■ EXERCISE REQUIREMENTS
Reproduce all of the records exactly.

----

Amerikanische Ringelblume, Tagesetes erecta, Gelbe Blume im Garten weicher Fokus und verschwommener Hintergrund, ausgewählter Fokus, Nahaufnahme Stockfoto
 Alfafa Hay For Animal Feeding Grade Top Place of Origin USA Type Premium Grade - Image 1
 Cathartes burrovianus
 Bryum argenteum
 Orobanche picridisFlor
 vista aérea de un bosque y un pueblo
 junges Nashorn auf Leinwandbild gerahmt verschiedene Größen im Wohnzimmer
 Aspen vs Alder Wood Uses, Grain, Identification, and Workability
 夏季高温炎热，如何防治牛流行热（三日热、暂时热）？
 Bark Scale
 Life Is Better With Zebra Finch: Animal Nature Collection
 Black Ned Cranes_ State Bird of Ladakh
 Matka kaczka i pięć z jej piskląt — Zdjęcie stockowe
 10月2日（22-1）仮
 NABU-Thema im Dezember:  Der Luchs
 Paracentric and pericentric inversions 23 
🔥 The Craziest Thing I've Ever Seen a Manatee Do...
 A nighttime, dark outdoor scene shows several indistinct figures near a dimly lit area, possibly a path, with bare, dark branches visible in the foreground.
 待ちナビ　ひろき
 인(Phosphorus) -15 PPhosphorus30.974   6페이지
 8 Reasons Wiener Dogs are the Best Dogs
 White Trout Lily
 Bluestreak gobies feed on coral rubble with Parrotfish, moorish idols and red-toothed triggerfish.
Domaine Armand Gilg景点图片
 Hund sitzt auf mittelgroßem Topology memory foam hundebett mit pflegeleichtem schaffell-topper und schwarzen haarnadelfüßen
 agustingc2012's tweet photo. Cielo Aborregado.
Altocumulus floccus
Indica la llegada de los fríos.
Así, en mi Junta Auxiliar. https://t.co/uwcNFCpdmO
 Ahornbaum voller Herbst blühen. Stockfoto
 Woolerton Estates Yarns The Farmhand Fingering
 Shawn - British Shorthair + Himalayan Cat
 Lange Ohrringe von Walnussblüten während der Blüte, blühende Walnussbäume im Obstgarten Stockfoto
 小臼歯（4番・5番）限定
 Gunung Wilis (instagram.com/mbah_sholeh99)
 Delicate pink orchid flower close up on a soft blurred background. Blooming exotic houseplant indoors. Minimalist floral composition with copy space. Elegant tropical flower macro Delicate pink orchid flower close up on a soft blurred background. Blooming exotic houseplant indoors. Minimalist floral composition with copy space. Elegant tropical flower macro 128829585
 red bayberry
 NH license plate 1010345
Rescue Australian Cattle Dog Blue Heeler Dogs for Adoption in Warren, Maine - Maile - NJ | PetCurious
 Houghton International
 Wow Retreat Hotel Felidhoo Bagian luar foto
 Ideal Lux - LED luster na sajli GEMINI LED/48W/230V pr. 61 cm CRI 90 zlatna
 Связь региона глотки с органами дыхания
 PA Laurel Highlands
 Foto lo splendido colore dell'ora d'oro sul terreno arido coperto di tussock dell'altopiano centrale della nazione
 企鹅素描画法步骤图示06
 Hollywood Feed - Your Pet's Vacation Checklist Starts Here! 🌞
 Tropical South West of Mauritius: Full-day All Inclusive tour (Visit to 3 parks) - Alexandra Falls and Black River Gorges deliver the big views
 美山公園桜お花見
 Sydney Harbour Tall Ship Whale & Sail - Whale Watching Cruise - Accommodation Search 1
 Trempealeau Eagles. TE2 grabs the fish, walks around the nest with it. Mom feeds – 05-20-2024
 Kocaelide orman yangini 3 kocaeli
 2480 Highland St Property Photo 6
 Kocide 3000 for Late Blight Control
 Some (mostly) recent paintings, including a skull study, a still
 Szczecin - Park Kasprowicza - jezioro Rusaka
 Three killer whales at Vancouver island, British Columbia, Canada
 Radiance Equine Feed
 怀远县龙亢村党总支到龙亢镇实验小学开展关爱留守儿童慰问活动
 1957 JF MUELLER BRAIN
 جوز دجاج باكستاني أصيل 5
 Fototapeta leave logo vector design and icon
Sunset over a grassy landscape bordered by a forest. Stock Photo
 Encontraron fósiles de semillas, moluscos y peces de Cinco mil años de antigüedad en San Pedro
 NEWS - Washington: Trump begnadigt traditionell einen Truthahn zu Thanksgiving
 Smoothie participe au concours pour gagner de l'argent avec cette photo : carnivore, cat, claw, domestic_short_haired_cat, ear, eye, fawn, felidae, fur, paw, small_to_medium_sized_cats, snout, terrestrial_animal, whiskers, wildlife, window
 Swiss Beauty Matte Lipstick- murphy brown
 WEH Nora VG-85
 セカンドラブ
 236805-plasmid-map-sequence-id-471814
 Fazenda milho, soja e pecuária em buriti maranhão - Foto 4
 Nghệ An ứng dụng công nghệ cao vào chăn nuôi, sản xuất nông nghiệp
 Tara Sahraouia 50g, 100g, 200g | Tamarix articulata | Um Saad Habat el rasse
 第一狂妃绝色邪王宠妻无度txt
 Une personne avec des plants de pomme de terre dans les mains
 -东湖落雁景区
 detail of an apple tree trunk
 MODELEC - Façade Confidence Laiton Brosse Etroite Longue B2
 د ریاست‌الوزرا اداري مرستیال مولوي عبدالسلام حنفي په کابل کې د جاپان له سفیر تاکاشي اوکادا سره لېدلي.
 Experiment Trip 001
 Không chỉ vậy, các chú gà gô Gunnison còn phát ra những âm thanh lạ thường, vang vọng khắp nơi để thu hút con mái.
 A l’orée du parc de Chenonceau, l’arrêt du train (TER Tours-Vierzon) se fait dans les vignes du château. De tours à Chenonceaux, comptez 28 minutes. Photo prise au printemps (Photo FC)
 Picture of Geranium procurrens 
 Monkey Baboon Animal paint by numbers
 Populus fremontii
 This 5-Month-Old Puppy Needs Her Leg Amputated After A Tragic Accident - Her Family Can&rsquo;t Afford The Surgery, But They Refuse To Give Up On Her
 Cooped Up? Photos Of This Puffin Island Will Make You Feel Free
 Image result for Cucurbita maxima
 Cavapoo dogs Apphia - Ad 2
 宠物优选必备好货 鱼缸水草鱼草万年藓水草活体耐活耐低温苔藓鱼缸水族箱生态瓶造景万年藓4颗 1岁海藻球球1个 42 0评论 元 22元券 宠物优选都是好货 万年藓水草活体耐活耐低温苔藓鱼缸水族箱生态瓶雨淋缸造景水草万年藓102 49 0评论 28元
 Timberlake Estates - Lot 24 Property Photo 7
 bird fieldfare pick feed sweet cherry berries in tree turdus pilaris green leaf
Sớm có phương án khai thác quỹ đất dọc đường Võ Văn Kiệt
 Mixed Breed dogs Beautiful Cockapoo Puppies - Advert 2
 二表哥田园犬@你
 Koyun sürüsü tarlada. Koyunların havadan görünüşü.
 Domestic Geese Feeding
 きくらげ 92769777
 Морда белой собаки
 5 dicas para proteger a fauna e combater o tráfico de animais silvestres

----

■ ANSWER FOR THIS EXERCISE
Amerikanische Ringelblume, Tagesetes erecta, Gelbe Blume im Garten weicher Fokus und verschwommener Hintergrund, ausgewählter Fokus, Nahaufnahme Stockfoto
 Alfafa Hay For Animal Feeding Grade Top Place of Origin USA Type Premium Grade - Image 1
 Cathartes burrovianus
 Bryum argenteum
 Orobanche picridisFlor
 vista aérea de un bosque y un pueblo
 junges Nashorn auf Leinwandbild gerahmt verschiedene Größen im Wohnzimmer
 Aspen vs Alder Wood Uses, Grain, Identification, and Workability
 夏季高温炎热，如何防治牛流行热（三日热、暂时热）？
 Bark Scale
 Life Is Better With Zebra Finch: Animal Nature Collection
 Black Ned Cranes_ State Bird of Ladakh
 Matka kaczka i pięć z jej piskląt — Zdjęcie stockowe
 10月2日（22-1）仮
 NABU-Thema im Dezember:  Der Luchs
 Paracentric and pericentric inversions 23 
🔥 The Craziest Thing I've Ever Seen a Manatee Do...
 A nighttime, dark outdoor scene shows several indistinct figures near a dimly lit area, possibly a path, with bare, dark branches visible in the foreground.
 待ちナビ　ひろき
 인(Phosphorus) -15 PPhosphorus30.974   6페이지
 8 Reasons Wiener Dogs are the Best Dogs
 White Trout Lily
 Bluestreak gobies feed on coral rubble with Parrotfish, moorish idols and red-toothed triggerfish.
Domaine Armand Gilg景点图片
 Hund sitzt auf mittelgroßem Topology memory foam hundebett mit pflegeleichtem schaffell-topper und schwarzen haarnadelfüßen
 agustingc2012's tweet photo. Cielo Aborregado.
Altocumulus floccus
Indica la llegada de los fríos.
Así, en mi Junta Auxiliar. https://t.co/uwcNFCpdmO
 Ahornbaum voller Herbst blühen. Stockfoto
 Woolerton Estates Yarns The Farmhand Fingering
 Shawn - British Shorthair + Himalayan Cat
 Lange Ohrringe von Walnussblüten während der Blüte, blühende Walnussbäume im Obstgarten Stockfoto
 小臼歯（4番・5番）限定
 Gunung Wilis (instagram.com/mbah_sholeh99)
 Delicate pink orchid flower close up on a soft blurred background. Blooming exotic houseplant indoors. Minimalist floral composition with copy space. Elegant tropical flower macro Delicate pink orchid flower close up on a soft blurred background. Blooming exotic houseplant indoors. Minimalist floral composition with copy space. Elegant tropical flower macro 128829585
 red bayberry
 NH license plate 1010345
Rescue Australian Cattle Dog Blue Heeler Dogs for Adoption in Warren, Maine - Maile - NJ | PetCurious
 Houghton International
 Wow Retreat Hotel Felidhoo Bagian luar foto
 Ideal Lux - LED luster na sajli GEMINI LED/48W/230V pr. 61 cm CRI 90 zlatna
 Связь региона глотки с органами дыхания
 PA Laurel Highlands
 Foto lo splendido colore dell'ora d'oro sul terreno arido coperto di tussock dell'altopiano centrale della nazione
 企鹅素描画法步骤图示06
 Hollywood Feed - Your Pet's Vacation Checklist Starts Here! 🌞
 Tropical South West of Mauritius: Full-day All Inclusive tour (Visit to 3 parks) - Alexandra Falls and Black River Gorges deliver the big views
 美山公園桜お花見
 Sydney Harbour Tall Ship Whale & Sail - Whale Watching Cruise - Accommodation Search 1
 Trempealeau Eagles. TE2 grabs the fish, walks around the nest with it. Mom feeds – 05-20-2024
 Kocaelide orman yangini 3 kocaeli
 2480 Highland St Property Photo 6
 Kocide 3000 for Late Blight Control
 Some (mostly) recent paintings, including a skull study, a still
 Szczecin - Park Kasprowicza - jezioro Rusaka
 Three killer whales at Vancouver island, British Columbia, Canada
 Radiance Equine Feed
 怀远县龙亢村党总支到龙亢镇实验小学开展关爱留守儿童慰问活动
 1957 JF MUELLER BRAIN
 جوز دجاج باكستاني أصيل 5
 Fototapeta leave logo vector design and icon
Sunset over a grassy landscape bordered by a forest. Stock Photo
 Encontraron fósiles de semillas, moluscos y peces de Cinco mil años de antigüedad en San Pedro
 NEWS - Washington: Trump begnadigt traditionell einen Truthahn zu Thanksgiving
 Smoothie participe au concours pour gagner de l'argent avec cette photo : carnivore, cat, claw, domestic_short_haired_cat, ear, eye, fawn, felidae, fur, paw, small_to_medium_sized_cats, snout, terrestrial_animal, whiskers, wildlife, window
 Swiss Beauty Matte Lipstick- murphy brown
 WEH Nora VG-85
 セカンドラブ
 236805-plasmid-map-sequence-id-471814
 Fazenda milho, soja e pecuária em buriti maranhão - Foto 4
 Nghệ An ứng dụng công nghệ cao vào chăn nuôi, sản xuất nông nghiệp
 Tara Sahraouia 50g, 100g, 200g | Tamarix articulata | Um Saad Habat el rasse
 第一狂妃绝色邪王宠妻无度txt
 Une personne avec des plants de pomme de terre dans les mains
 -东湖落雁景区
 detail of an apple tree trunk
 MODELEC - Façade Confidence Laiton Brosse Etroite Longue B2
 د ریاست‌الوزرا اداري مرستیال مولوي عبدالسلام حنفي په کابل کې د جاپان له سفیر تاکاشي اوکادا سره لېدلي.
 Experiment Trip 001
 Không chỉ vậy, các chú gà gô Gunnison còn phát ra những âm thanh lạ thường, vang vọng khắp nơi để thu hút con mái.
 A l’orée du parc de Chenonceau, l’arrêt du train (TER Tours-Vierzon) se fait dans les vignes du château. De tours à Chenonceaux, comptez 28 minutes. Photo prise au printemps (Photo FC)
 Picture of Geranium procurrens 
 Monkey Baboon Animal paint by numbers
 Populus fremontii
 This 5-Month-Old Puppy Needs Her Leg Amputated After A Tragic Accident - Her Family Can&rsquo;t Afford The Surgery, But They Refuse To Give Up On Her
 Cooped Up? Photos Of This Puffin Island Will Make You Feel Free
 Image result for Cucurbita maxima
 Cavapoo dogs Apphia - Ad 2
 宠物优选必备好货 鱼缸水草鱼草万年藓水草活体耐活耐低温苔藓鱼缸水族箱生态瓶造景万年藓4颗 1岁海藻球球1个 42 0评论 元 22元券 宠物优选都是好货 万年藓水草活体耐活耐低温苔藓鱼缸水族箱生态瓶雨淋缸造景水草万年藓102 49 0评论 28元
 Timberlake Estates - Lot 24 Property Photo 7
 bird fieldfare pick feed sweet cherry berries in tree turdus pilaris green leaf
Sớm có phương án khai thác quỹ đất dọc đường Võ Văn Kiệt
 Mixed Breed dogs Beautiful Cockapoo Puppies - Advert 2
 二表哥田园犬@你
 Koyun sürüsü tarlada. Koyunların havadan görünüşü.
 Domestic Geese Feeding
 きくらげ 92769777
 Морда белой собаки
 5 dicas para proteger a fauna e combater o tráfico de animais silvestres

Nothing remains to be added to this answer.